Sonó como un crujir de papeles estrujados, una serie de sonidos punteados, seguida de silencio total. Charlie se imaginó un coche con el motor apagado, avanzando por un camino de grava.

–Alguien está pescando en el lago -dijo Khalil.

–¿A estas horas?

–¿Tú nunca has pescado de noche? -preguntó él, riendo medio dormido-. ¿Nunca has ido al mar en una barquita a pescar peces con las manos?

–Despierta. Dime cosas.

–Es mejor que durmamos.

–Yo no puedo. Tengo miedo.

Khalil empezó a contarle la historia de una misión nocturna que él y otros dos habían llevado a cabo en Galilea hacía años. De cómo habían cruzado el mar en un bote de remos y cómo, al verlo todo tan hermoso, perdieron la noción de lo que habían ido a hacer y se dedicaron a pescar. Ella le interrumpió.

–No era una barca -insistió-. Era un coche, lo he vuelto a oír. Escucha.

–Era una barca -dijo él, soñoliento.

La luna había encontrado un resquicio entre las cortinas e iluminaba el suelo hasta la cama. Charlie se levantó, se acercó a la ventana y, sin tocar las cortinas, echó una ojeada al exterior. Había pinares por todas partes, el reguero de luna sobre el lago era como una blanca escalera que bajaba hacia el centro del mundo. Pero no se veía ninguna barca, ni luz con que atraer peces. Volvió a la cama e intentó atraer a Charlie hacia su cuerpo, pero al notar que se resistía, se apartó con dulzura y se tumbó lánguidamente boca arriba.

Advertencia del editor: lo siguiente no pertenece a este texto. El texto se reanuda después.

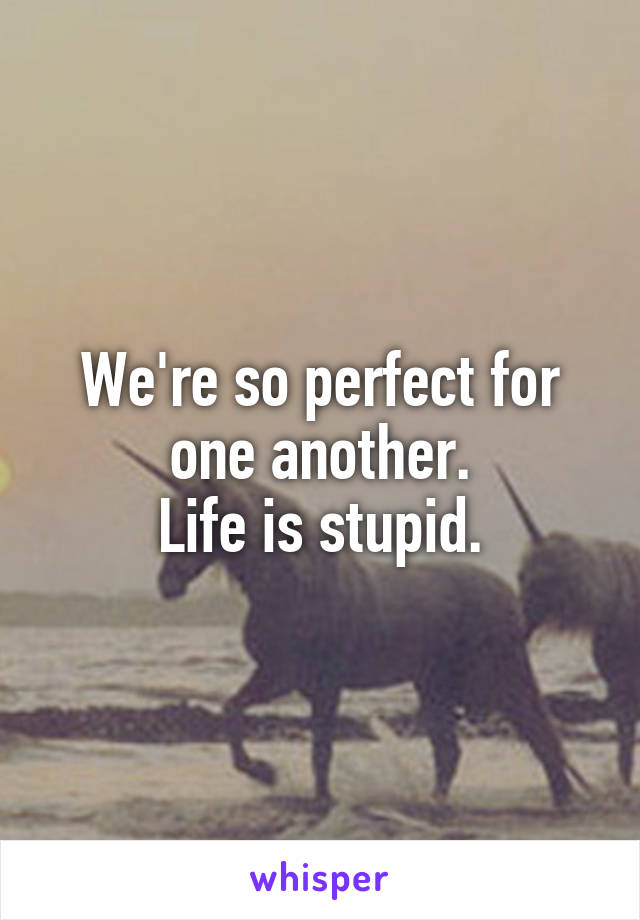 We're so perfect for one another.
Life is stupid.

–Dime algo -repitió ella-. Khalil. Despierta. -Le sacudió con vehemencia y luego le dio un beso en los labios-. Vamos, despierta.

Así pues, él se reanimó para complacerla, porque era un hombre bondadoso y acababa de asignarle categoría de hermana.

–¿Sabes lo que resultaba raro de tus cartas a Michel? -dijo-. Lo de la pistola. «De ahora en adelante, soñaré que tu cabeza está en mi almohada, y debajo de ella tu pistola…» Cosas de enamorados. Cosas muy bonitas.

–¿Qué es lo que te resulta raro? A ver…

–Una vez tuve con él una conversación. Precisamente sobre este mismo particular. Yo le dije: «Escucha, Salim, sólo los vaqueros duermen con la pistola debajo de la almohada. Si vas a olvidar todo lo que te enseñe, al menos recuerda esto. Cuando estés en la cama, deja tu arma a un lado donde puedas esconderla mejor, y a la altura de tu mano. Aprende a dormir así, incluso cuando estés con una mujer.» Me dijo que así lo haría. Siempre me hacía promesas y luego se olvidaba o encontraba otra mujer… o un coche nuevo.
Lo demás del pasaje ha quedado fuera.